▶ [TASK INSTRUCTIONS]
With pictures excluded, copy word for word the lines in the data below from the line containing "Polerón de felpa gris Shein con cierre - 3" through the line containing "6330 SE 84th St, Newton, KS 67114 - #1".

====== SUPPLIED MATERIAL ======

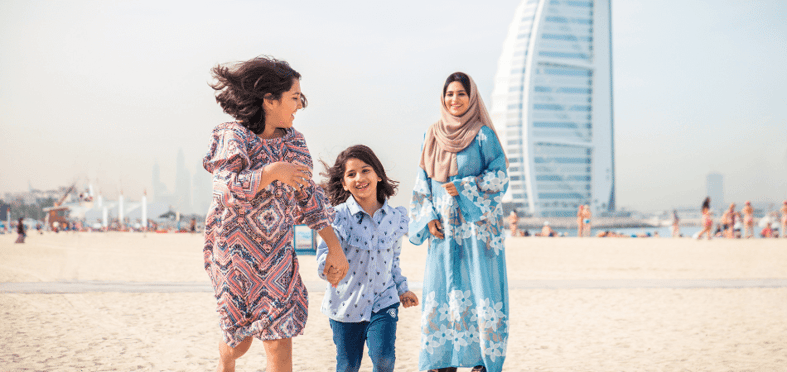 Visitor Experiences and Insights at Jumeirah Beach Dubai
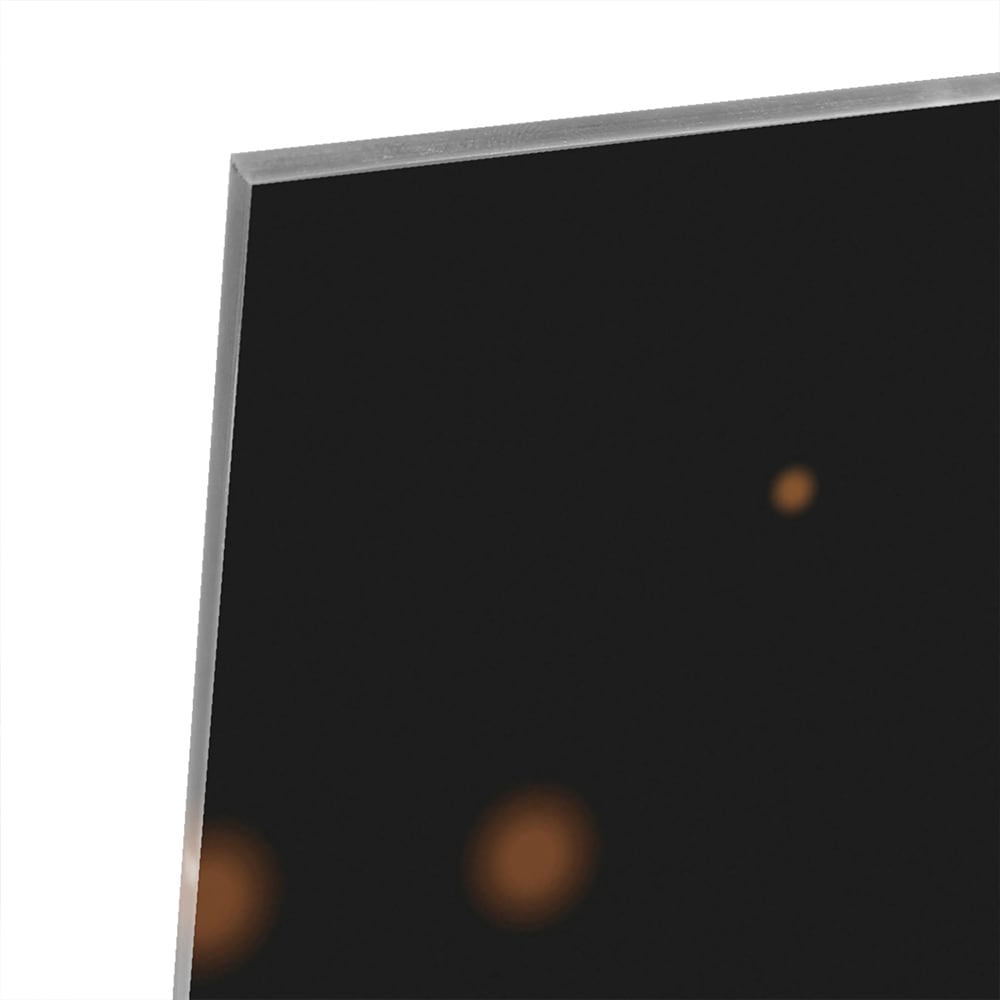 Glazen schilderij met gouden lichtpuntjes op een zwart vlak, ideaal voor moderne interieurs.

======
====== SUPPLIED MATERIAL ======

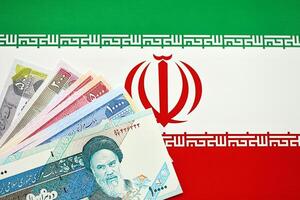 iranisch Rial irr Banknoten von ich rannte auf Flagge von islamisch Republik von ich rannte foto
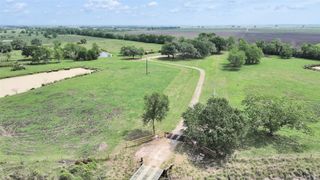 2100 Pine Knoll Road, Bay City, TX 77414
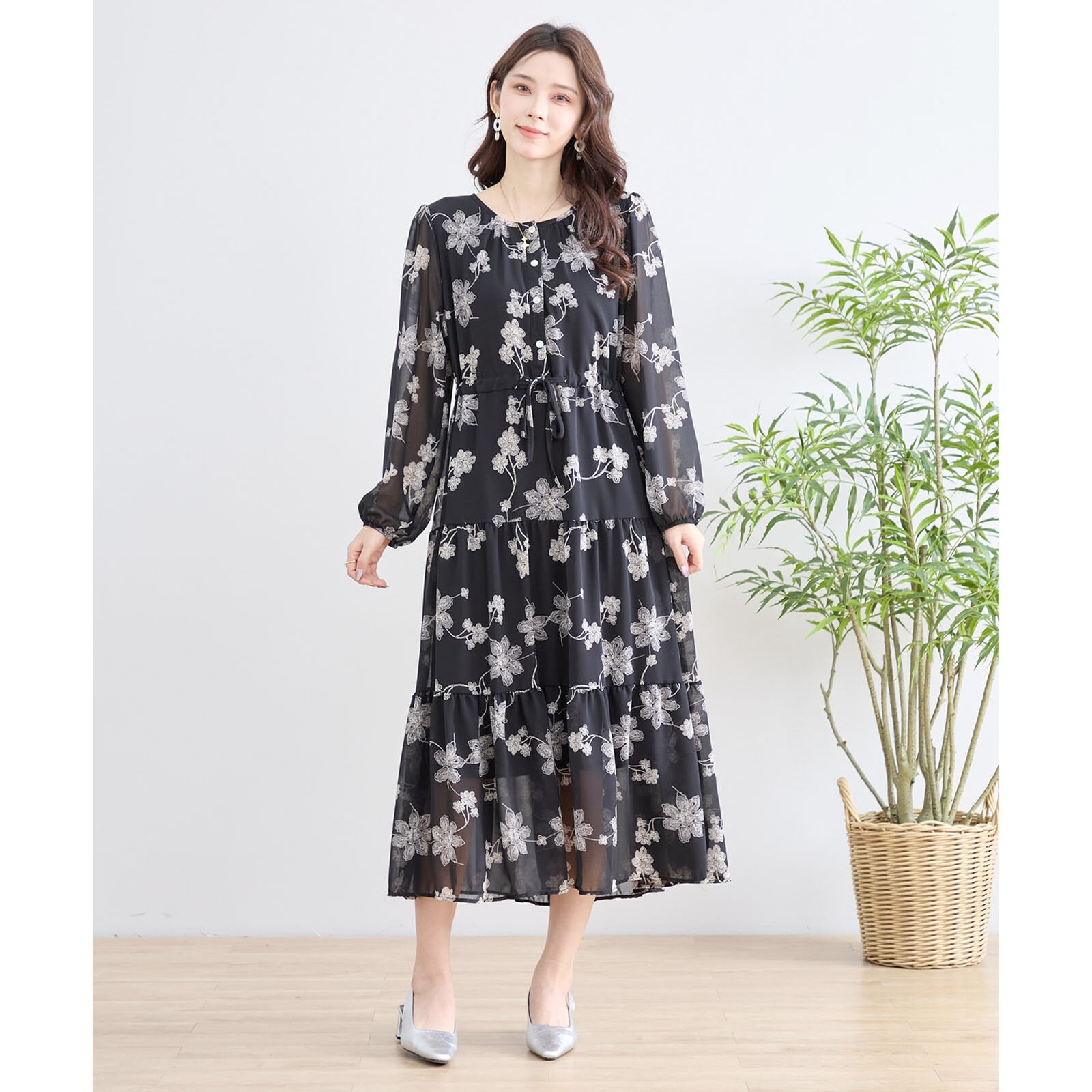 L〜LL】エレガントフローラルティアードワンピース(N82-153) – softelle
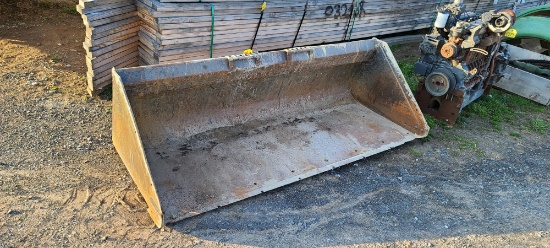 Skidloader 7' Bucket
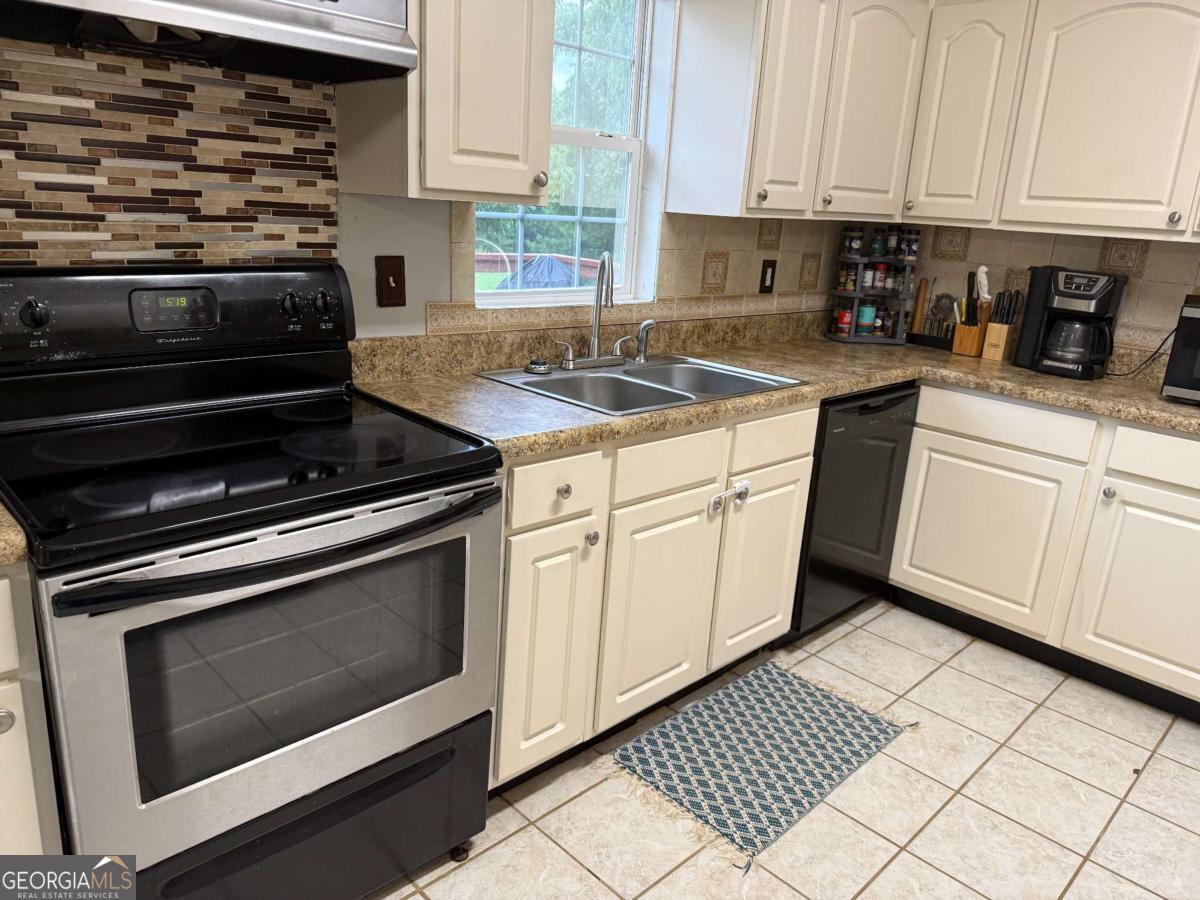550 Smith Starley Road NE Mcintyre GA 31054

======
====== SUPPLIED MATERIAL ======

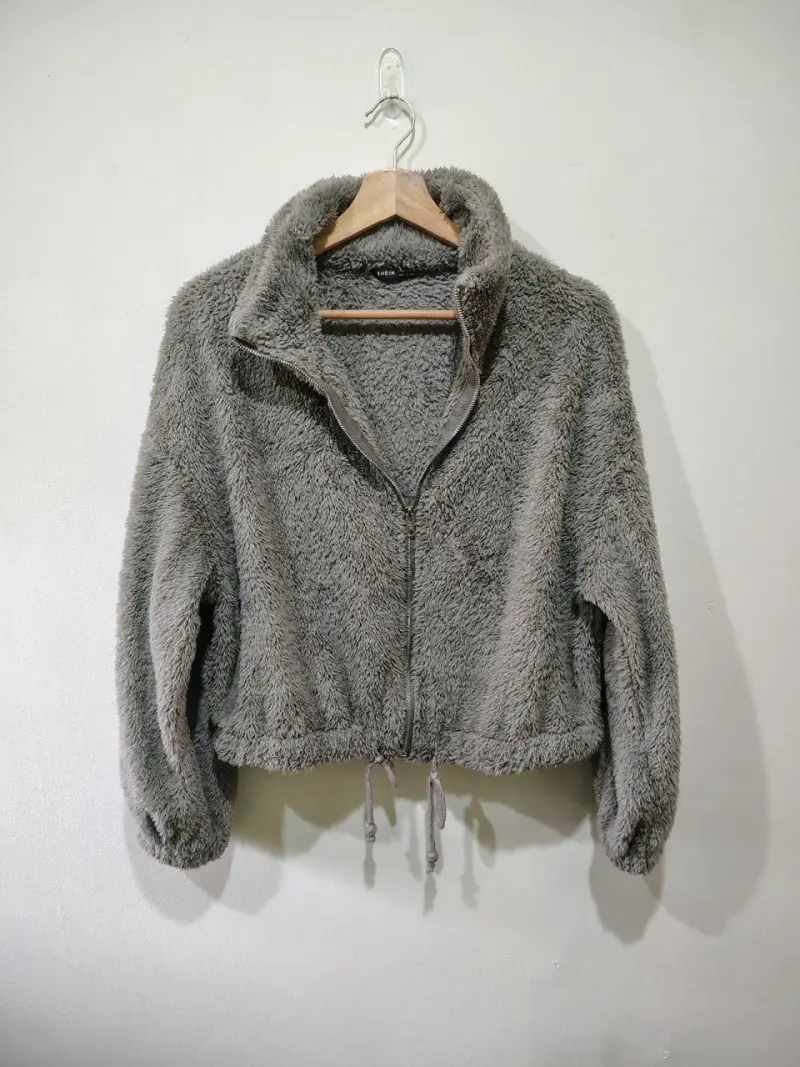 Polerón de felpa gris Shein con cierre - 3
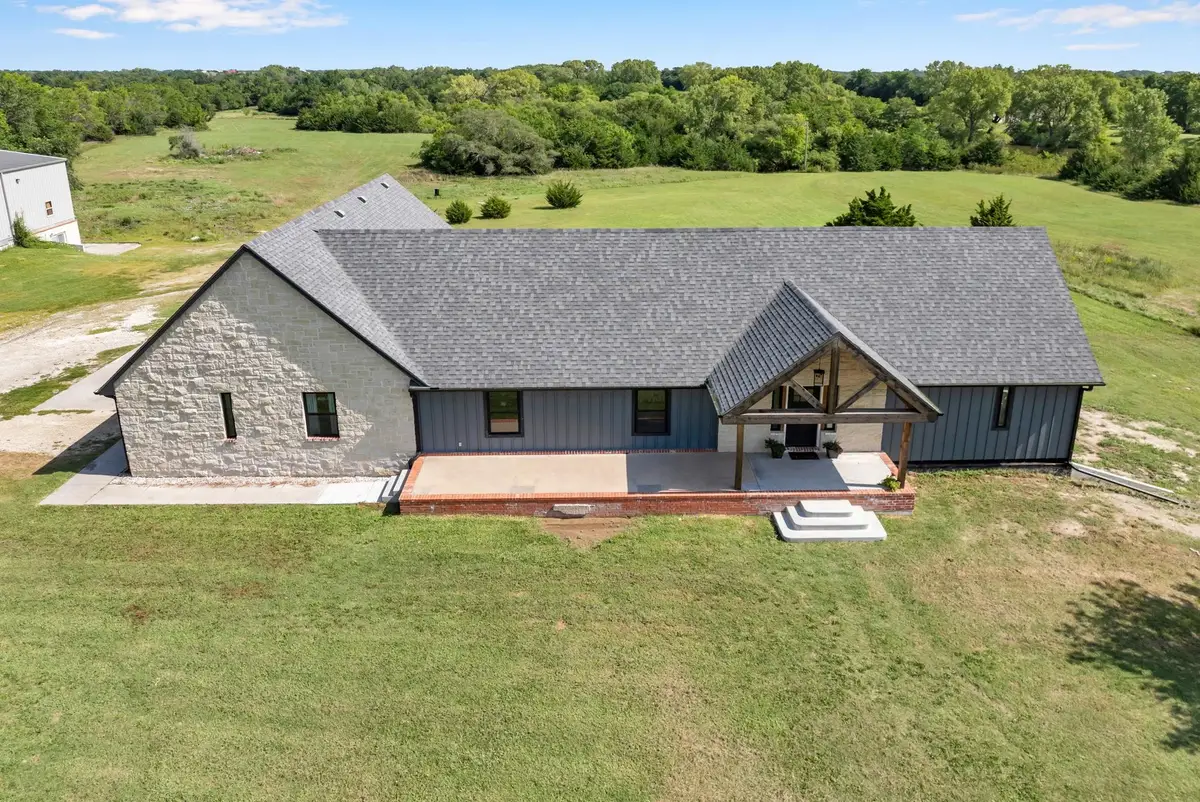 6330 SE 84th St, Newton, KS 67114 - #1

======

▶ [RESPONSE BELOW]
 Polerón de felpa gris Shein con cierre - 3
 6330 SE 84th St, Newton, KS 67114 - #1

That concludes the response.